--- MATERIAL FOR THIS EXERCISE ---

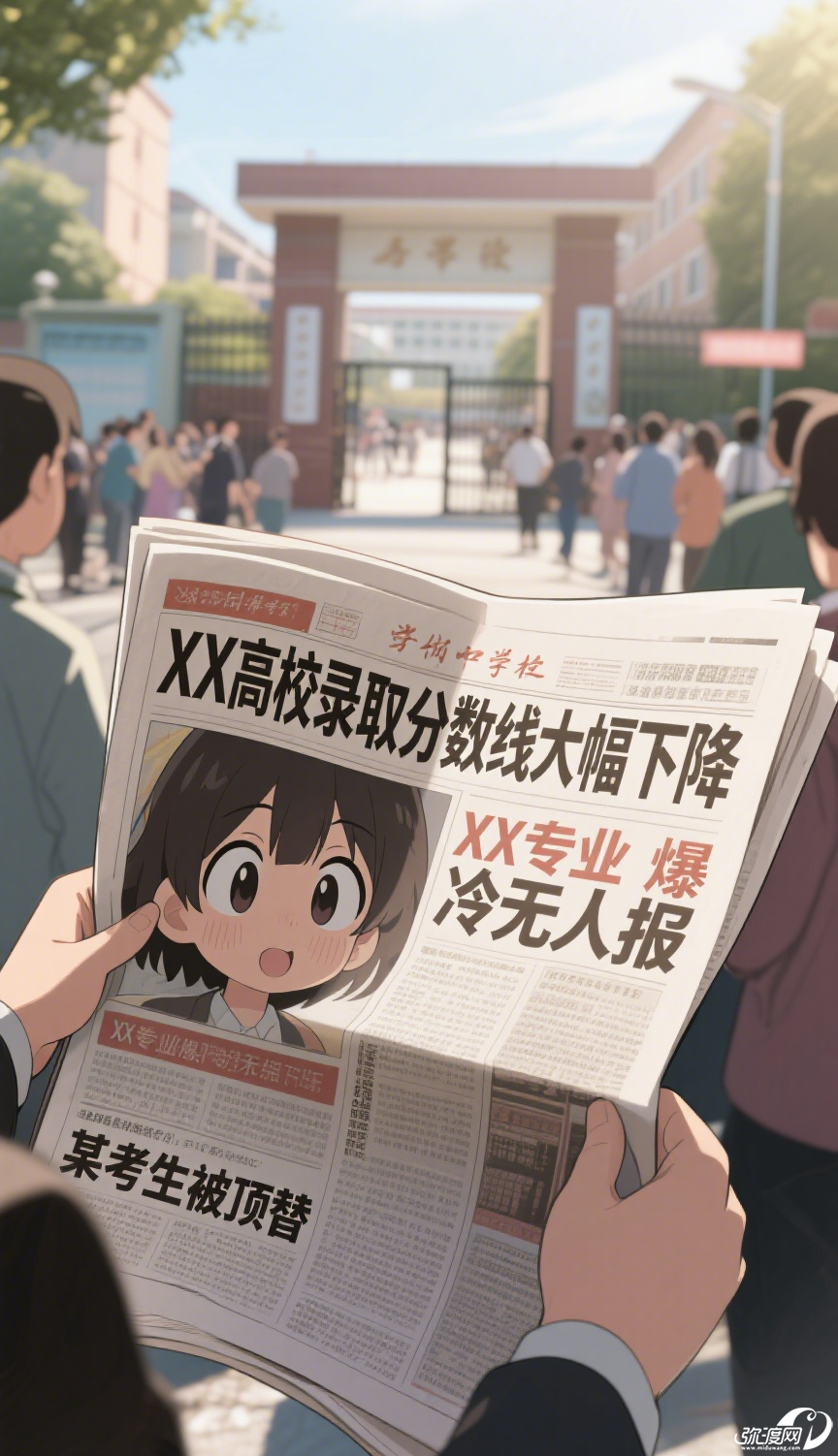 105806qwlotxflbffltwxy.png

---
--- MATERIAL FOR THIS EXERCISE ---

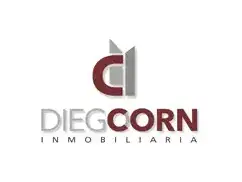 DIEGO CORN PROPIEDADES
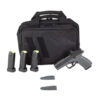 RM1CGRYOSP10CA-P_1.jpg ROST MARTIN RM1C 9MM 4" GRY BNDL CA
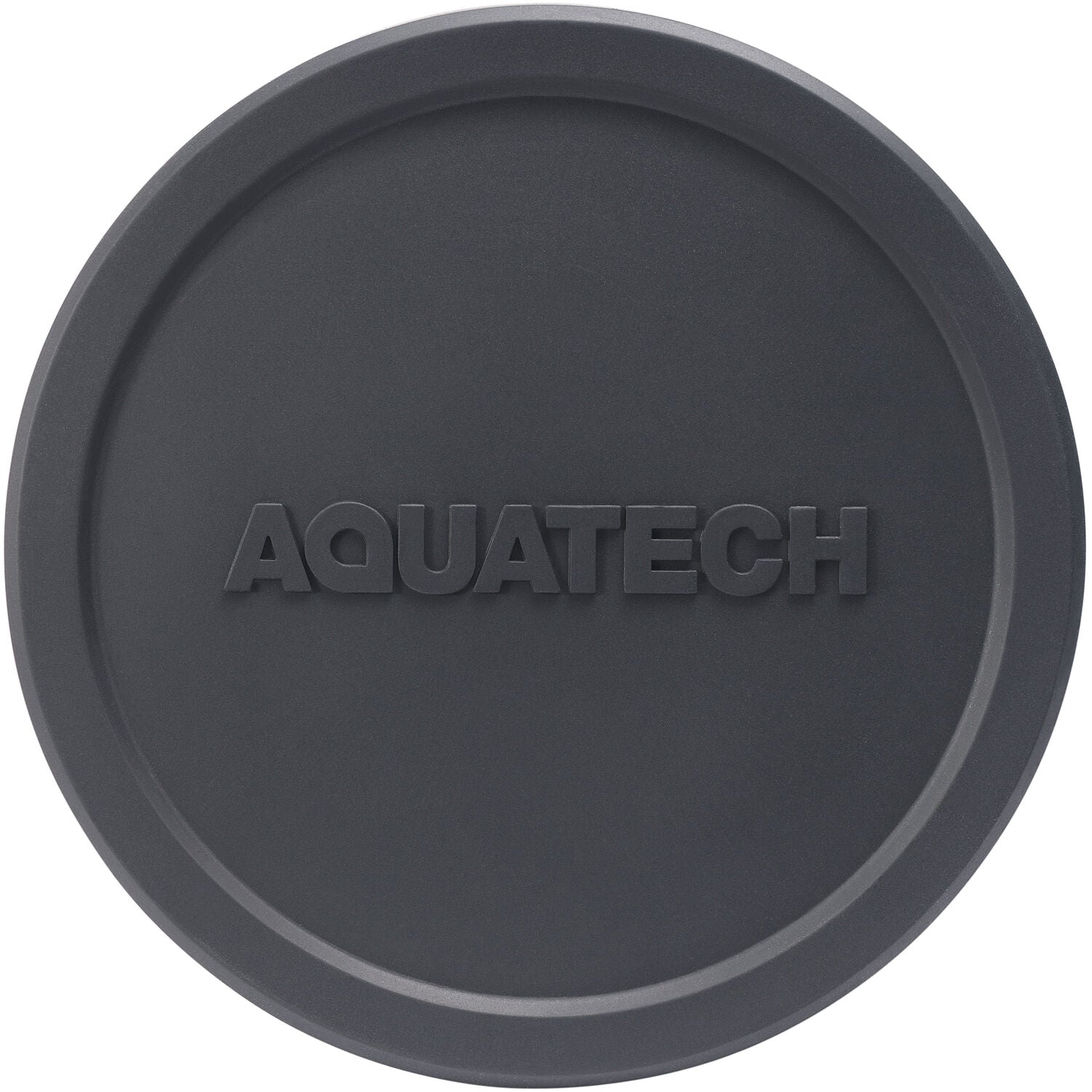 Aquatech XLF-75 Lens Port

---

■ EXERCISE DETAILS: Exact copy, no pictures. Write out the lines in the entries above, starting with the line with "DIEGO CORN PROPIEDADES" and going on through the line with "Aquatech XLF-75 Lens Port", keeping both.

■ RESPONSE TO THE EXERCISE:
 DIEGO CORN PROPIEDADES
 RM1CGRYOSP10CA-P_1.jpg ROST MARTIN RM1C 9MM 4" GRY BNDL CA
 Aquatech XLF-75 Lens Port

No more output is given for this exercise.